- [WHAT THE TASK ASKS]: Copy every line from the records below that carries the word "screenshot".

- [INPUT DATA]:
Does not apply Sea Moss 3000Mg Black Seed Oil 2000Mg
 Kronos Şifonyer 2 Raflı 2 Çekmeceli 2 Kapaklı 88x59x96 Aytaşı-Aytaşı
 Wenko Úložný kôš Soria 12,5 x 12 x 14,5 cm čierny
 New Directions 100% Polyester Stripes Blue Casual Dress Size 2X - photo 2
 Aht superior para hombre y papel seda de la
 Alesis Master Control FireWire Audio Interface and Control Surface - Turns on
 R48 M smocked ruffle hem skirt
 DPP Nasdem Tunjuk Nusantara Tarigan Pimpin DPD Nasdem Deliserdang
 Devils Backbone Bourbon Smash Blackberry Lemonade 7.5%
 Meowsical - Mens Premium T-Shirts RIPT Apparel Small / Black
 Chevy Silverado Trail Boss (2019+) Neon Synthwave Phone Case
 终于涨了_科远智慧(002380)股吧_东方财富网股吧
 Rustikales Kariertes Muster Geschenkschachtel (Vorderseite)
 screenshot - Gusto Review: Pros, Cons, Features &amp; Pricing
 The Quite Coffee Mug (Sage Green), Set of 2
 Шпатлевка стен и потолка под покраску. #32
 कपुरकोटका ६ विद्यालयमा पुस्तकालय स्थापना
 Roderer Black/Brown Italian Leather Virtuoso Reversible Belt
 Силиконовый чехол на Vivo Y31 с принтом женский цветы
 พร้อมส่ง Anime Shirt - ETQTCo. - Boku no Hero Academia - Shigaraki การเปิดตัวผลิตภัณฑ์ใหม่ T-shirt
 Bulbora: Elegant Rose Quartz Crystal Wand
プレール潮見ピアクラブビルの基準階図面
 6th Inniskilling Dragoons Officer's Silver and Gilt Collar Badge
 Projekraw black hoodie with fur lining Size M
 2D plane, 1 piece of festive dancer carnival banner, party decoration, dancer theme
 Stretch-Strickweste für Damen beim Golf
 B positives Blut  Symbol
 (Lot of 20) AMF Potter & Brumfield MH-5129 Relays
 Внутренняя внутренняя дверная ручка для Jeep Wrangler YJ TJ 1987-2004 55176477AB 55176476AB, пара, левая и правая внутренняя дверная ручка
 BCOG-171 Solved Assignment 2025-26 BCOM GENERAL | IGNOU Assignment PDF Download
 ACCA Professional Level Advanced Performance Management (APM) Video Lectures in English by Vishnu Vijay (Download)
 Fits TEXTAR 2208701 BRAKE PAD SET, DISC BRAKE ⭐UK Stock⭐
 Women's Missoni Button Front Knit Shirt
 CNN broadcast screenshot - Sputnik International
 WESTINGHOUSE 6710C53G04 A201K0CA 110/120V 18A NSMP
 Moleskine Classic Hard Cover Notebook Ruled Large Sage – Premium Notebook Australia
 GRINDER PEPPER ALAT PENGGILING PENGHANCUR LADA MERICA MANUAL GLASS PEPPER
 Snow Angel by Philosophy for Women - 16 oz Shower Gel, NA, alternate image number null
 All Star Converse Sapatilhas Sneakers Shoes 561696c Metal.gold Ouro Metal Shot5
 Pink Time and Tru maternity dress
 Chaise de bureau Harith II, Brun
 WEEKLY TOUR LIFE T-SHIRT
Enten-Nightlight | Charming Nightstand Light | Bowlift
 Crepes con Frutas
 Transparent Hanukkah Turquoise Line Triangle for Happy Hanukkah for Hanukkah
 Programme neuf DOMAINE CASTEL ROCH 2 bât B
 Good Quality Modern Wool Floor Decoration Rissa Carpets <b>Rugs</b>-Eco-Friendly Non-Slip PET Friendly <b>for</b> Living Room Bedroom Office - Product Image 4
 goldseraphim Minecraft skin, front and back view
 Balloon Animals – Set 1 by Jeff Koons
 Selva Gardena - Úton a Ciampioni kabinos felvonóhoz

- [WRITTEN SOLUTION]:
 screenshot - Gusto Review: Pros, Cons, Features &amp; Pricing
 CNN broadcast screenshot - Sputnik International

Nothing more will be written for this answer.